Start of Block

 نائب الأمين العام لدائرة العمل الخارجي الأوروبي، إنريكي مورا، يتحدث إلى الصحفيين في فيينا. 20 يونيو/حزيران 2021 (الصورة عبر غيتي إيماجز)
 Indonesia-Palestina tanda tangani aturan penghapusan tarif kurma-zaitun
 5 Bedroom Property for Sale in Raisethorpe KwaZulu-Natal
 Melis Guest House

End of Block
Start of Block

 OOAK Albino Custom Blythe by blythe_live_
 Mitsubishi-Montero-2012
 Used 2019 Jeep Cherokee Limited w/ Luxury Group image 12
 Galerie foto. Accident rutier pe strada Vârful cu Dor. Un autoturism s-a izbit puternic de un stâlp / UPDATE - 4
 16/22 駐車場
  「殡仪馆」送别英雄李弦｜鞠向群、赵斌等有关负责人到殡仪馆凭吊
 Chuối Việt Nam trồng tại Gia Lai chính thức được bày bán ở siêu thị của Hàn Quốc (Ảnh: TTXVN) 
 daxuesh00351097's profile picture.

End of Block
Start of Block

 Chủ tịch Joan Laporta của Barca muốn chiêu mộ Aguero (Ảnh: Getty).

End of Block

[Problem description]
A verbatim transcription is needed of the lines above, starting at the line with "نائب الأمين العام" and ending at the line with "Melis Guest House", both included, and of nothing else.

[Answer area]
 نائب الأمين العام لدائرة العمل الخارجي الأوروبي، إنريكي مورا، يتحدث إلى الصحفيين في فيينا. 20 يونيو/حزيران 2021 (الصورة عبر غيتي إيماجز)
 Indonesia-Palestina tanda tangani aturan penghapusan tarif kurma-zaitun
 5 Bedroom Property for Sale in Raisethorpe KwaZulu-Natal
 Melis Guest House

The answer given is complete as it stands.